STUDY MATERIAL:
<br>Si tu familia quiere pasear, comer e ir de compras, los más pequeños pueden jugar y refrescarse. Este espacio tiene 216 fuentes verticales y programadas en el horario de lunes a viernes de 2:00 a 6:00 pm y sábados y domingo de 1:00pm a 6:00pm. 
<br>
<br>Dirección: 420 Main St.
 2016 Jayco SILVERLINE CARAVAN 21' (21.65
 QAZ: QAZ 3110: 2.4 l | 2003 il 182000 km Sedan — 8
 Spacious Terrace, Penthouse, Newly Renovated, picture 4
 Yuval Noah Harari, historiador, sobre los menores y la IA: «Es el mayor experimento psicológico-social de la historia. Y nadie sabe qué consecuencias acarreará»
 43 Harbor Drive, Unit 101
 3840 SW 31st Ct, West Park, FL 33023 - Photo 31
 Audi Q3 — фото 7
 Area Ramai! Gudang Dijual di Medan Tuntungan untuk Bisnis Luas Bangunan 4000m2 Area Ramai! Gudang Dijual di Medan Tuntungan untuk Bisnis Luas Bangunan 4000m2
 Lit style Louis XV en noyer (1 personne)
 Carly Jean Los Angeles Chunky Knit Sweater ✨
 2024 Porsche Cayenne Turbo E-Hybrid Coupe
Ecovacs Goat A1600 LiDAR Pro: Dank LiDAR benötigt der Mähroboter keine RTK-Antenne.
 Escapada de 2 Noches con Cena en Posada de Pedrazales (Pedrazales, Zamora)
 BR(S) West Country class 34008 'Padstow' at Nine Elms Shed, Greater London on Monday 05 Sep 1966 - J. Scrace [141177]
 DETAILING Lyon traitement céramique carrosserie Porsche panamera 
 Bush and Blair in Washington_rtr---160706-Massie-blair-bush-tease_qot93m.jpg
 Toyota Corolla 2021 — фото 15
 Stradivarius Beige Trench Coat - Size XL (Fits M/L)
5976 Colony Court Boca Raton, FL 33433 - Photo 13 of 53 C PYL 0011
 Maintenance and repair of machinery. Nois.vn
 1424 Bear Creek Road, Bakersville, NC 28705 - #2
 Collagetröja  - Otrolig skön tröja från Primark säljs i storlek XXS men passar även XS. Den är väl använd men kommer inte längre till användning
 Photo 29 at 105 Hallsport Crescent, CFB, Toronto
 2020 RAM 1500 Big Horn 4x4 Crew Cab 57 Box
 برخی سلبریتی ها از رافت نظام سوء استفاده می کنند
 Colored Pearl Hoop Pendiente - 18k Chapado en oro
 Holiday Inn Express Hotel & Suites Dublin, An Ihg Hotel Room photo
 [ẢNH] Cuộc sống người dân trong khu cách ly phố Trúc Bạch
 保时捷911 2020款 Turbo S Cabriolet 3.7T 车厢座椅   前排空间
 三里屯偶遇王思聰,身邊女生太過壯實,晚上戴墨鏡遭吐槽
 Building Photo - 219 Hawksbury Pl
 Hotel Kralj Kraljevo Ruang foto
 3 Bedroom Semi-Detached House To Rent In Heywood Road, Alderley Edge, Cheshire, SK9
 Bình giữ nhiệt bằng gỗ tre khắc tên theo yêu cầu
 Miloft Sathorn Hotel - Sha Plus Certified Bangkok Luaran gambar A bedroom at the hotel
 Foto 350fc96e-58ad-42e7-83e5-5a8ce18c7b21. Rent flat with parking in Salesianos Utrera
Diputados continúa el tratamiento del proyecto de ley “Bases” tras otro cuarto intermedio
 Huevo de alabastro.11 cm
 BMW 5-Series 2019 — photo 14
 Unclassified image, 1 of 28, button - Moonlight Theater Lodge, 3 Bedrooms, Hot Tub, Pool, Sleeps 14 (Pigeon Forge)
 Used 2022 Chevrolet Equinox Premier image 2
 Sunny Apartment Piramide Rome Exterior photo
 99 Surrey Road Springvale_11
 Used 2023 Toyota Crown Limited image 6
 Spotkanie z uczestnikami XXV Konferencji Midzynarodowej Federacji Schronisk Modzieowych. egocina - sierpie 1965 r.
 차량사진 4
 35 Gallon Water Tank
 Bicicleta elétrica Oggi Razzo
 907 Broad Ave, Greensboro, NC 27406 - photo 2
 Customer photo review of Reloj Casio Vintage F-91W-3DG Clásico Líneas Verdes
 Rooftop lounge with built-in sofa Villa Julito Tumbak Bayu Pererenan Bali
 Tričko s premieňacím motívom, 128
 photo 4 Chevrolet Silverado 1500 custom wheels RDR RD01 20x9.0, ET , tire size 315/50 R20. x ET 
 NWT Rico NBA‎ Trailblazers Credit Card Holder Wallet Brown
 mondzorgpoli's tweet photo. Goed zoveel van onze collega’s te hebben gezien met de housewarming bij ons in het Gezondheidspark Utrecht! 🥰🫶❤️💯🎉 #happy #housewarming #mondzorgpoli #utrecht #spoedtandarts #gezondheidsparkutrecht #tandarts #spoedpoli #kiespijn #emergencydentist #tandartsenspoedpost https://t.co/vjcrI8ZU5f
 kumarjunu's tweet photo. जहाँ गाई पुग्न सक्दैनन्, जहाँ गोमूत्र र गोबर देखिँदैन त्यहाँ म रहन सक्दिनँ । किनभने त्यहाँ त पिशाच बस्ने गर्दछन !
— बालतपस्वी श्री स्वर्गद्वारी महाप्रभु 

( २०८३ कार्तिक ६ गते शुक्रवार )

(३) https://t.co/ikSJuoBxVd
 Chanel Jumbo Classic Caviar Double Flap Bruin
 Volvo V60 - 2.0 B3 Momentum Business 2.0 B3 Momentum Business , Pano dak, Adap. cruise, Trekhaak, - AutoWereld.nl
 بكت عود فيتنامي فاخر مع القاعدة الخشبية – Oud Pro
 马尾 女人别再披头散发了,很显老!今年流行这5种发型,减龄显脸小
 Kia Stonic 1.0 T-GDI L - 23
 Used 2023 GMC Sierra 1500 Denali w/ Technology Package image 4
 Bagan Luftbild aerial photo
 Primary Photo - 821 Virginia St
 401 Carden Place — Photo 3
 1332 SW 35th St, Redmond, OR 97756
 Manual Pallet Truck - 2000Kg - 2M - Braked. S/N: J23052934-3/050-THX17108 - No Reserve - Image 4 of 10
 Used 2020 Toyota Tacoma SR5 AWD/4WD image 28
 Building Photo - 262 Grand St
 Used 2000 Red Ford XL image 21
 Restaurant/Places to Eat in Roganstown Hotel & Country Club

WHAT IS REQUIRED: Your answer must consist only of the lines from the start of the records above through the line with "43 Harbor Drive, Unit 101", each retyped exactly.

TASK OUTPUT:
<br>Si tu familia quiere pasear, comer e ir de compras, los más pequeños pueden jugar y refrescarse. Este espacio tiene 216 fuentes verticales y programadas en el horario de lunes a viernes de 2:00 a 6:00 pm y sábados y domingo de 1:00pm a 6:00pm. 
<br>
<br>Dirección: 420 Main St.
 2016 Jayco SILVERLINE CARAVAN 21' (21.65
 QAZ: QAZ 3110: 2.4 l | 2003 il 182000 km Sedan — 8
 Spacious Terrace, Penthouse, Newly Renovated, picture 4
 Yuval Noah Harari, historiador, sobre los menores y la IA: «Es el mayor experimento psicológico-social de la historia. Y nadie sabe qué consecuencias acarreará»
 43 Harbor Drive, Unit 101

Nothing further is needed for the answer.